The present invention relates to a color imaging system based on the use of an electronic image sensor and imaging lens system forming an optical image on the image sensor. The invention also relates to a method in a color imaging system.
- BACKGROUND OF THE INVENTION
In the following, an electronic imaging system refers in its simplest form to a system, apparatus or device comprising at least one electronic image sensor and a lens or lens system for forming an optical image on said sensor.
Generally speaking, an element in an optical system that determines the amount of light reaching an image is known as an aperture stop. In a conventional camera an adjustable leaf diaphragm, usually located behind the first few optical elements of a multi-element camera lens, functions as an aperture stop. In simple fixed focus cameras without adjustable optics, the aperture stop is in its simplest form typically just a small hole in an optically opaque material arranged in front of the camera lens.
- SUMMARY OF THE INVENTION
Especially in simple and economical digital cameras, the diameter of the lens is kept small in order to reduce cost of the optics, but also in order to achieve lightweight and compact size. Because the marginal rays with lower f-number suffer from the optical aberrations caused by the lens more severely than the higher f-number rays travelling closer to the optical axis of the lens, as well known in the art, the aperture stop needs to be kept small in order to preserve reasonable image quality. This on the other hand leads to rather poor sensitivity in low light conditions. A larger aperture stop would improve sensitivity, but in order to preserve the image quality a higher quality, and therefore also a more expensive lens or lens system would be required.
The main purpose of the present invention is to introduce a novel and simple solution for the aperture stop in an electronic imaging system. The invention is specifically intended to be applied in economical and compact digital cameras and corresponding electronic imaging devices, which cannot rely on the use of expensive and substantially aberration free lens systems. The invention effectively solves those problems which are basically caused when a fixed f-number is used for all colors in a color resolving imaging system. These problems are related both to the sensitivity (amount of light) of the imaging and to the overall quality of the recorded color image (sharpness of image).
The basic gist of the invention relates to the observation that modern color image sensors, for example CCD (Charged Coupled Device) or CMOS (Complementary Metal Oxide Semiconductor) matrix sensors, have different spatial sampling frequencies for different primary colors. A typical one chip RGB (Red-Green-Blue) color CDD sensor is based on the use of the so-called Bayer color matrix layout. In this well-known layout a single “virtual” color pixel is formed from a group of altogether four primary color pixels arranged in a 2×2 matrix formation: two diagonally positioned green pixels with one red and one blue pixel. In such a pixel layout the number of green pixels in the sensor is two times higher than the number of red or blue pixels. Therefore, the spatial sampling frequency of the green primary color is twice as high as that of the other two primary colors.

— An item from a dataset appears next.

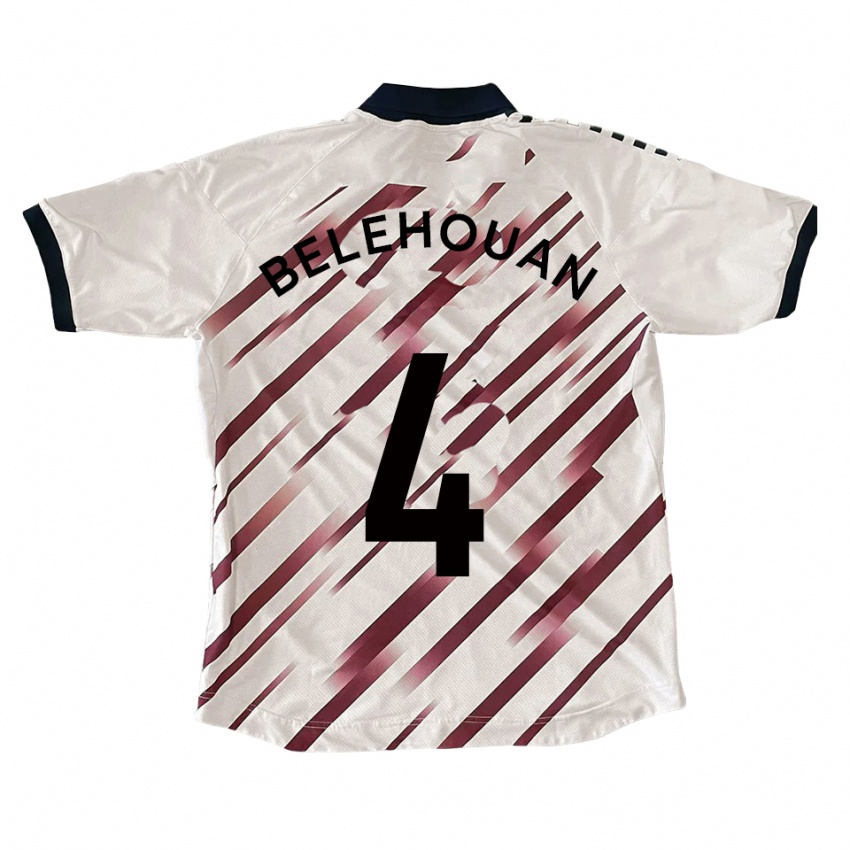 נשים Jean Belehouan #4 לבן אדום הרחק ג'רזי 2025/26 חולצה קצרה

According to the invention, the optical performance of a color resolving imaging system, where at least two primary colors have different spatial sampling frequencies, can be effectively optimized by arranging the aperture stop for said at least two primary colors to have different properties. For that color for which the image sensor has the highest spatial sampling frequency, and thus requiring highest MTF (Modulation Transfer Function) performance from the imaging optics, a smaller aperture stop size (diameter) is selected and, correspondingly, other way round. Each primary color may be selected to have an optimal aperture stop size in order to maximize the quality of the recorded image. Further, if necessary the aperture stop may also comprise spectral filtering properties in order to balance the amount of light between different primary colors in order to reduce the requirements for the dynamic range of the image sensor.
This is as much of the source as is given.